Below are the entries; give again exactly the lines from the one mentioning "The next thing" through the one mentioning "Let's talk about", inclusive.

## SUPPLIED RECORDS
┄┄┄┄┄┄┄┄┄┄┄┄┄┄┄┄┄┄┄┄

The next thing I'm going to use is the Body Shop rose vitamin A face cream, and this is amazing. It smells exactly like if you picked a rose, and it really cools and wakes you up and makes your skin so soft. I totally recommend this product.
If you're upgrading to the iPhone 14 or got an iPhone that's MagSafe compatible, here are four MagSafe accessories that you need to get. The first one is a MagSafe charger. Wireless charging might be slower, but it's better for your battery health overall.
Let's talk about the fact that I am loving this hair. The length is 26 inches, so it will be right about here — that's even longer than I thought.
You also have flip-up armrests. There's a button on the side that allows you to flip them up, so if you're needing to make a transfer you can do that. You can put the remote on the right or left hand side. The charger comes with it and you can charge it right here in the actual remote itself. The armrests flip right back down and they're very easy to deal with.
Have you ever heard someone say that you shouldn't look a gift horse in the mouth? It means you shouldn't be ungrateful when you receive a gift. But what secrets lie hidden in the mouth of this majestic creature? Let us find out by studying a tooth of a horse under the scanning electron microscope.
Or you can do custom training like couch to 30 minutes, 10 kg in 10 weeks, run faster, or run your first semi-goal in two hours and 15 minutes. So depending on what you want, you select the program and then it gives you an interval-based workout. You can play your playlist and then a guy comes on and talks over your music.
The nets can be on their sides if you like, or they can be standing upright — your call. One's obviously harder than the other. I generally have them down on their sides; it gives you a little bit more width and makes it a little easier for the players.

┄┄┄┄┄┄┄┄┄┄┄┄┄┄┄┄┄┄┄┄

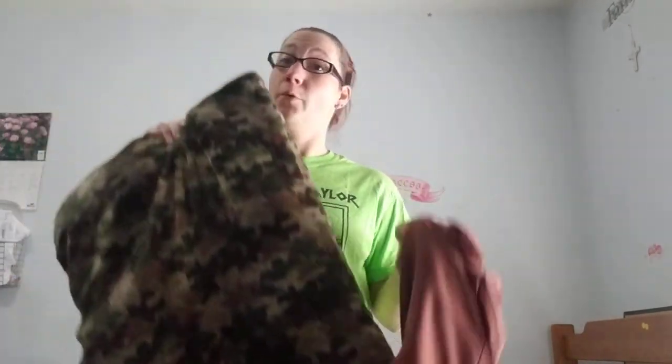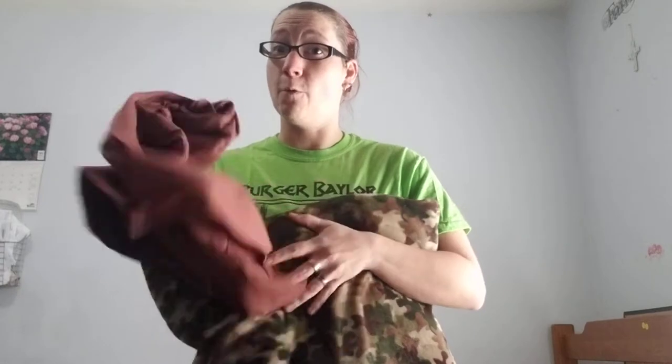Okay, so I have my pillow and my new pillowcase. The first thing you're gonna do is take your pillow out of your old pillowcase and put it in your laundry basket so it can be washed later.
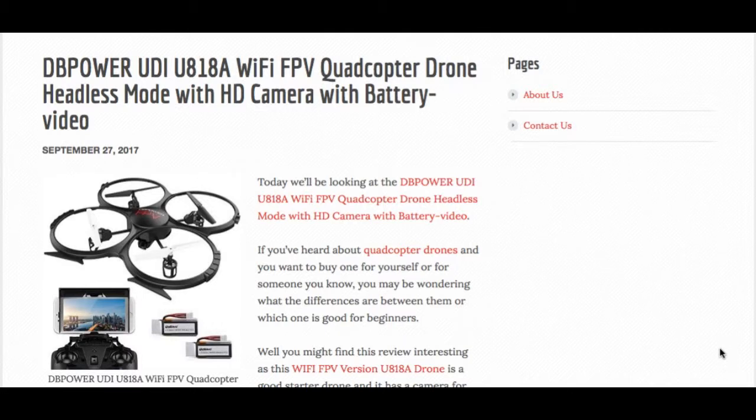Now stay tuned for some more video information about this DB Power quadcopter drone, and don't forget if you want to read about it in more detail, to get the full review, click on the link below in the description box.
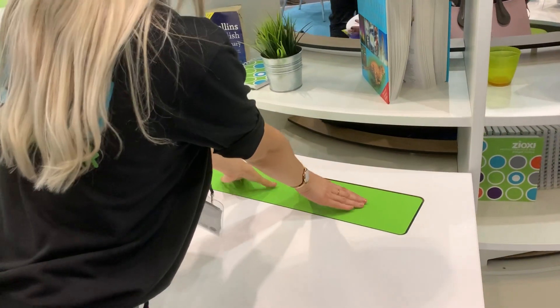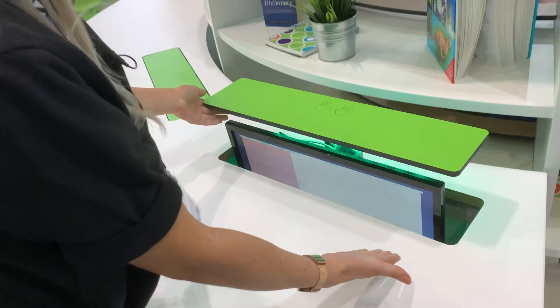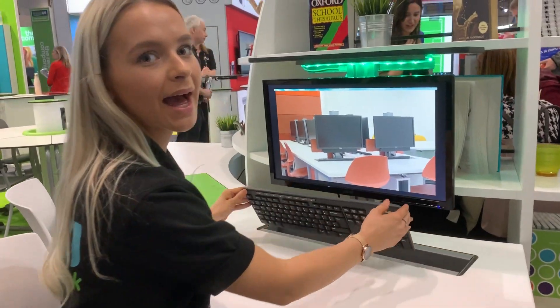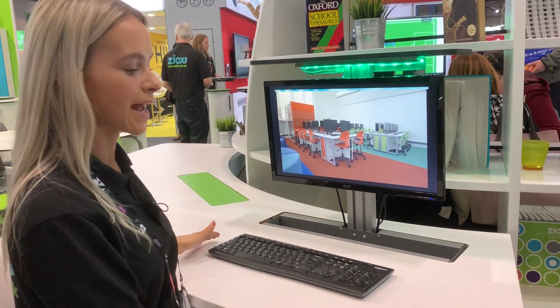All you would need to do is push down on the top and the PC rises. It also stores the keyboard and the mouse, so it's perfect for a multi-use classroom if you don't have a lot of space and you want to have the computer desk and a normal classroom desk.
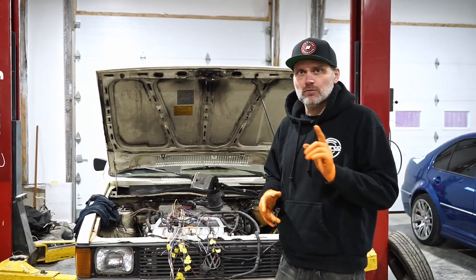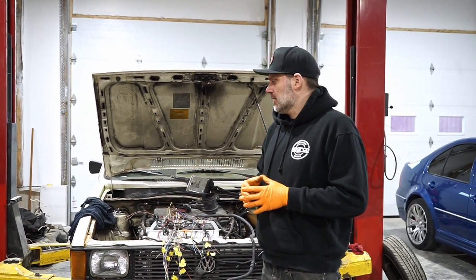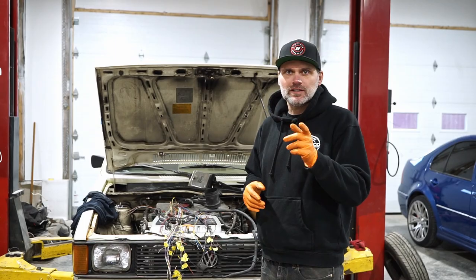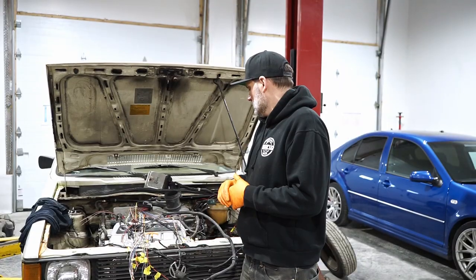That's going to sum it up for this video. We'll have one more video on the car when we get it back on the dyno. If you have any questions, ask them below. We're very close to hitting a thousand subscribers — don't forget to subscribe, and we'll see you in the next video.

┄┄┄┄┄┄┄┄┄┄┄┄┄┄┄┄┄┄┄┄

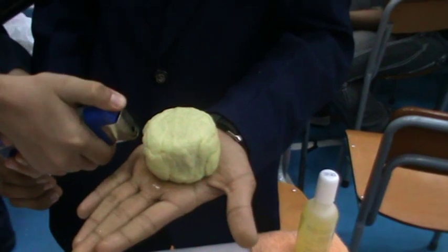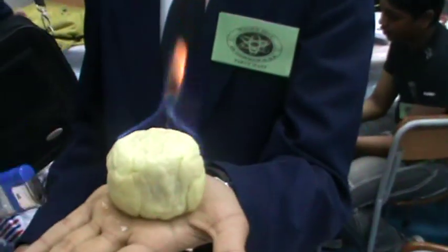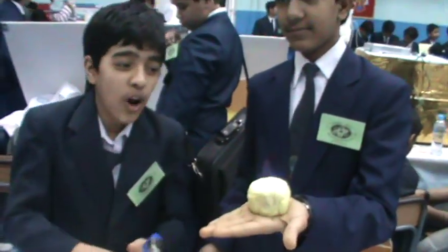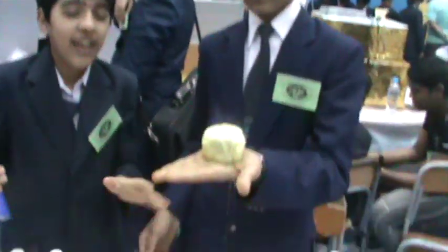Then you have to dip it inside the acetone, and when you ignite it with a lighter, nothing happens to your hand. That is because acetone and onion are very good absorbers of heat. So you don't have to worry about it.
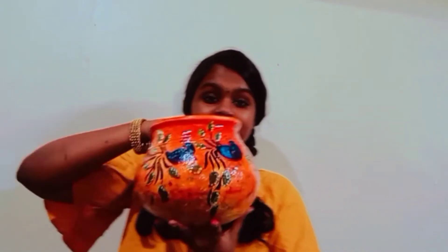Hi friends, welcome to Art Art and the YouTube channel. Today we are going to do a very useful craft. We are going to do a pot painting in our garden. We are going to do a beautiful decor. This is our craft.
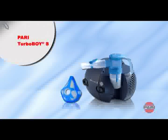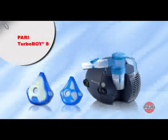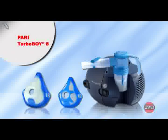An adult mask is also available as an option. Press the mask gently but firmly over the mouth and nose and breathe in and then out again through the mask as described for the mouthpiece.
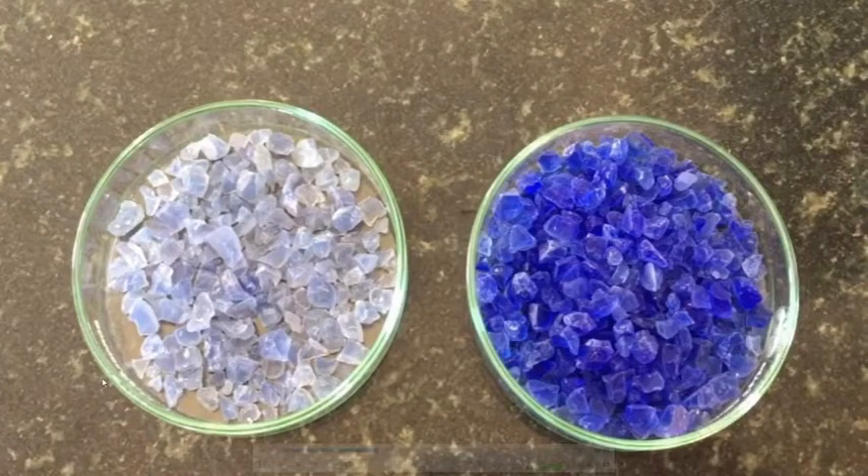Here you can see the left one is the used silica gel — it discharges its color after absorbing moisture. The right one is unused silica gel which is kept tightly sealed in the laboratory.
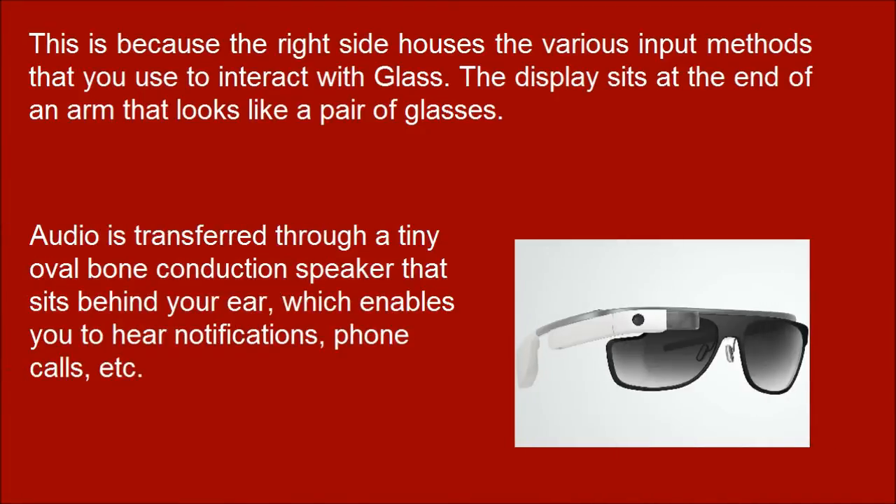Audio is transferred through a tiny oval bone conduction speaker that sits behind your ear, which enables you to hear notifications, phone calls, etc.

┄┄┄┄┄┄┄┄┄┄┄┄┄┄┄┄┄┄┄┄

## RESPONSE TO THIS TASK
The next thing I'm going to use is the Body Shop rose vitamin A face cream, and this is amazing. It smells exactly like if you picked a rose, and it really cools and wakes you up and makes your skin so soft. I totally recommend this product.
If you're upgrading to the iPhone 14 or got an iPhone that's MagSafe compatible, here are four MagSafe accessories that you need to get. The first one is a MagSafe charger. Wireless charging might be slower, but it's better for your battery health overall.
Let's talk about the fact that I am loving this hair. The length is 26 inches, so it will be right about here — that's even longer than I thought.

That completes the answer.